I haven't read much of this thread yet. Is there a list started yet?
Ok last days of my vacation - finally some internet access again. I have rendered some examples of which parts to gold plate and which parts to HA black or some dark grey color. Here is what this would look like. I like 1 and 2 the best.
However this requires me to change the design where the rods are seperate. The cool thing would be everyone can then decide themselves whether to use gold/or grey rods or any other combination.... However the design change would involve an other extra rod missing on the back, since the center sandwich holes for the rods would be too close to each other. I would have to change the design where the holes are open towards each other. Which requires to leave out another rod. Regarding naming, lets call it the gattling light... I think that is most appropriate.
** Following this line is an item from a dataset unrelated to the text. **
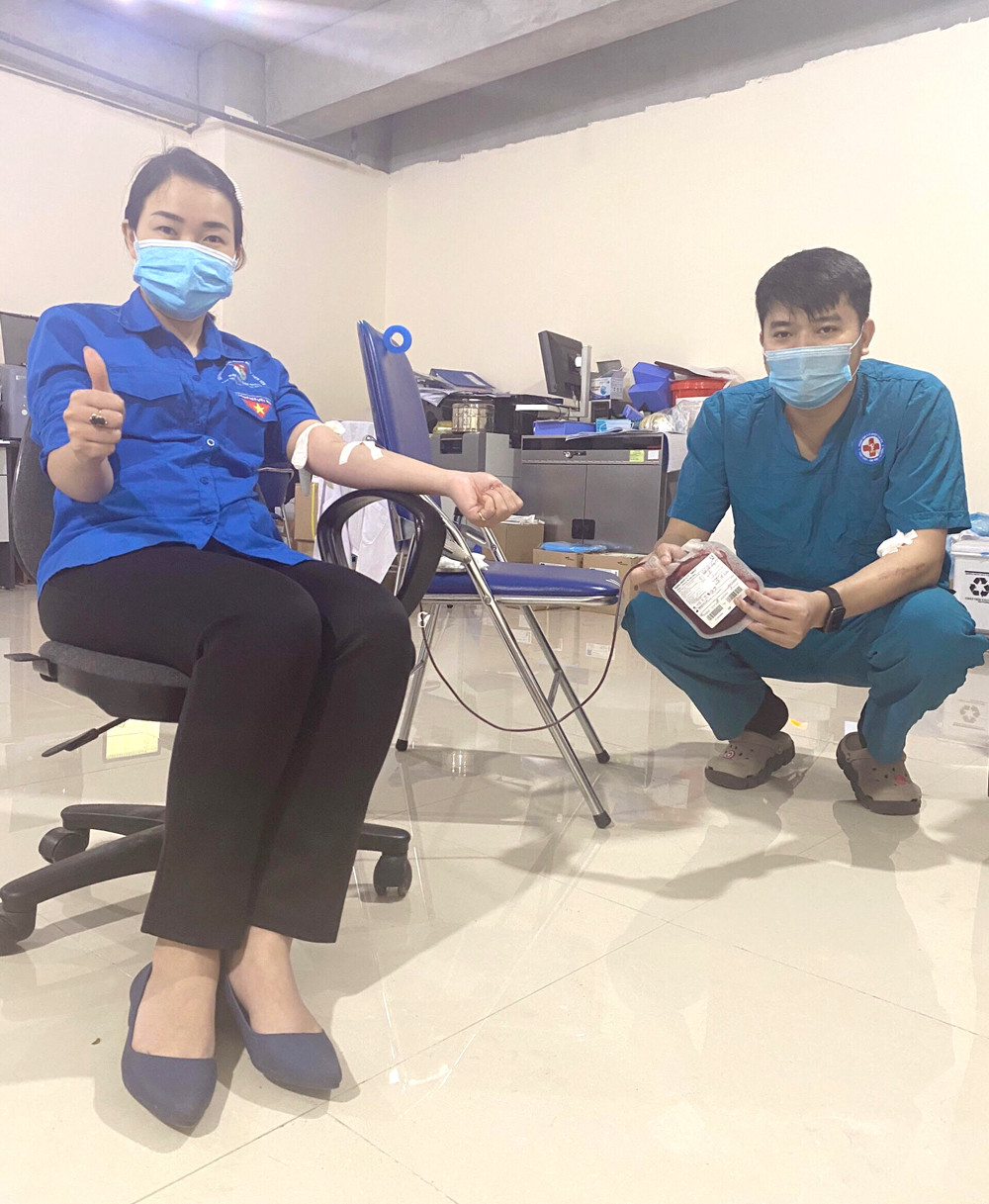 Chị Mai Việt Hồng, Phó Chủ nhiệm CLB Ngân hàng máu sống huyện Tiên Yên trong lần hiến máu giúp bệnh nhân C.N.M (xã Đồng Văn, huyện Bình Liêu) qua cơn nguy kịch.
Let me know whether you would like a gold/dark grey-black HA combination, or whether uni color is prefered.
Then some answers to questions:
rwolff Thanks for the corrosion issue of copper screws. I guess I'll then have to go with what you suggested. Need to find out how this changes the look.
lightchucker The corrosion issue in the back has been resolved by redesigning the back and adding an extra ORing. I don't think the light is much thicker then other lights in its class (3W @ 1000mAh. It is 1 inch thick which is about the thickness of an Arc LS2. I think the later Arc models were a bit thinner. I havent started an official list yet. If you post your interest in this thread, you will be contacted when I will be taking orders.
ok back in town... Gattling is fine. Doing it grey all the way is fine and actually doesnt require me to change the design. I tried the green HA core look but it doesn't look that great. The dark grey and green somehow doesn go well together. Now is it possible to do a green neon HA? Never heard of that. But if that's possible I can ry to render one to see what it looks like.